Fixing Connection Pool Exhaustion and KDE Schema Drift in Async Supplier Syncs

High-volume asynchronous batch synchronization for supplier APIs routinely deadlocks when processing FSMA 204 Critical Tracking Events (CTEs). The failure rarely originates from raw network latency. Instead, it stems from unbounded concurrency colliding with inconsistent Key Data Element (KDE) schemas, expired pagination cursors, and silent connection pool leaks. When a supplier endpoint returns mixed ISO 8601 timestamp formats, integer-encoded lot codes, or truncated next_cursor payloads, an unbounded asyncio event loop exhausts available sockets, triggers cascading aiohttp timeouts, and drops compliance-critical records before they reach the traceability ledger.

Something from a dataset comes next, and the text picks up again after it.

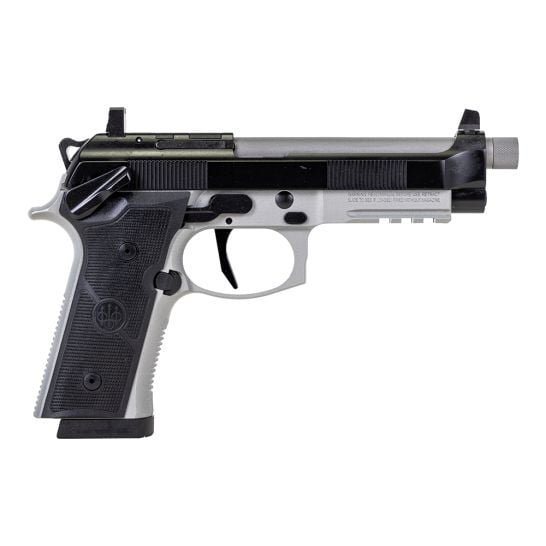 Beretta 92xi Sao Tactical 9mm Pistol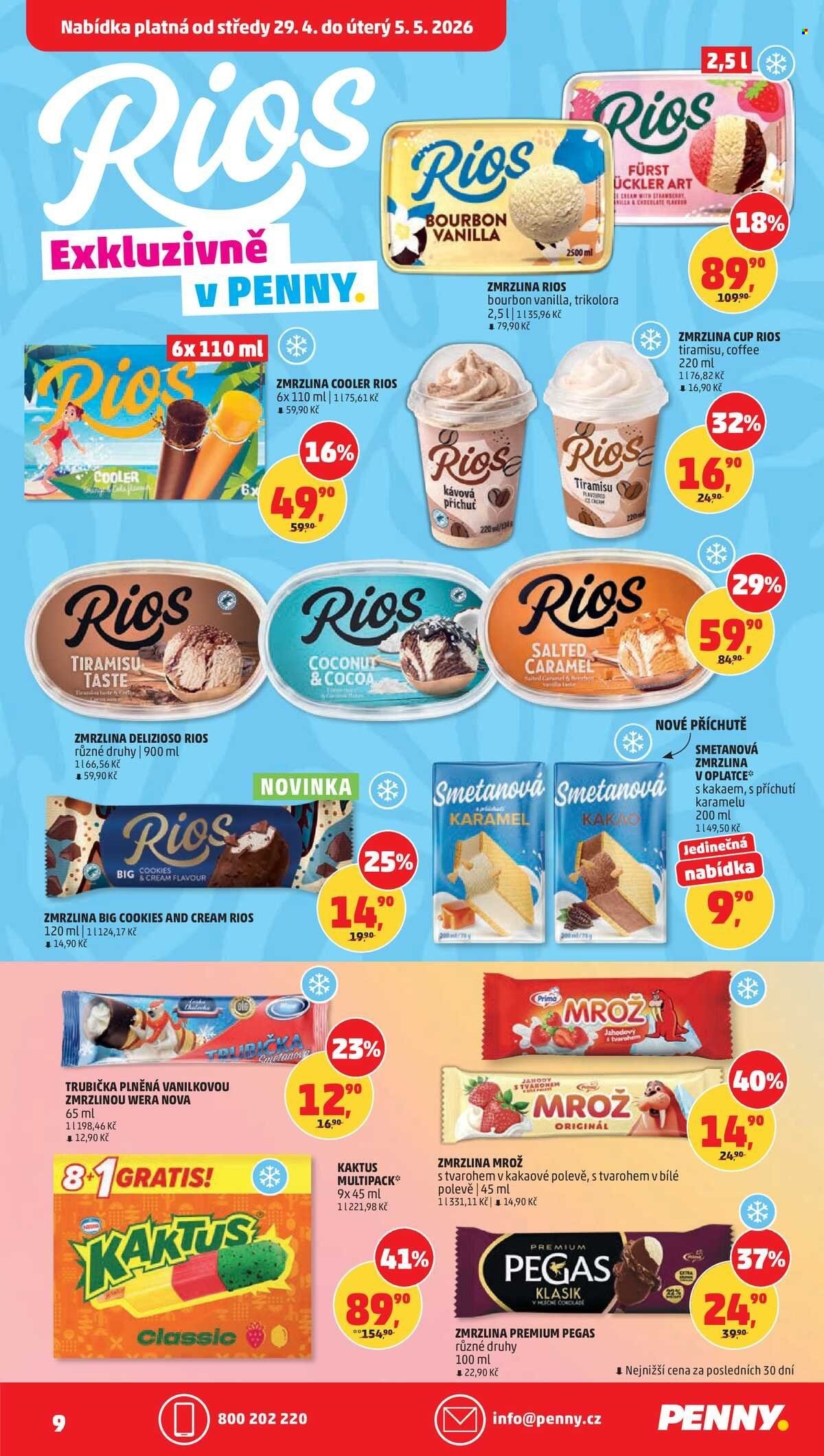 PENNY leták - nízké ceny hezky česky (2026-04-29 - 2026-05-05)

This page reproduces both failure vectors against realistic KDE payloads, then shows the corrected Async Batch Processing implementation that keeps every CTE inside the FDA’s 24-hour reconstruction window.

Root Cause Analysis

Pool exhaustion and schema drift look identical in the logs — both surface as a burst of dropped records — but they have distinct upstream triggers, and a durable fix must address both at once.

Unbounded concurrency saturates the connection pool. An asyncio.gather() fired across hundreds of lot endpoints opens a socket per coroutine. Once the number of in-flight requests exceeds the aiohttp.TCPConnector limit (default 100), every additional request queues on connection acquisition. Under sustained load the OS file descriptor table fills, aiohttp raises asyncio.TimeoutError on acquisition rather than on the request itself, and the coroutines that were mid-flight are cancelled — discarding whatever CTEs they had already fetched but not yet persisted.
Connection leaks starve the pool over time. A response body that is never fully read, or a ClientSession created per request instead of reused, holds a connection open until GC reclaims it. The pool slowly drains until the very first burst of traffic exhausts it. This is why a sync that ran fine in staging deadlocks in production after an hour.
Schema drift rejects valid-but-non-canonical records. Suppliers frequently mutate KDE payloads during Supplier Data Ingestion rollouts without updating their API documentation. A traceability_lot_code arrives as an integer instead of a string, an event_timestamp switches from a Z-suffixed UTC string to an epoch integer, or a quantity comes back null. A strict parser rejects the whole batch, and if the rejection path simply drops the batch, the one-up/one-back chain required by FSMA 204 develops a hole.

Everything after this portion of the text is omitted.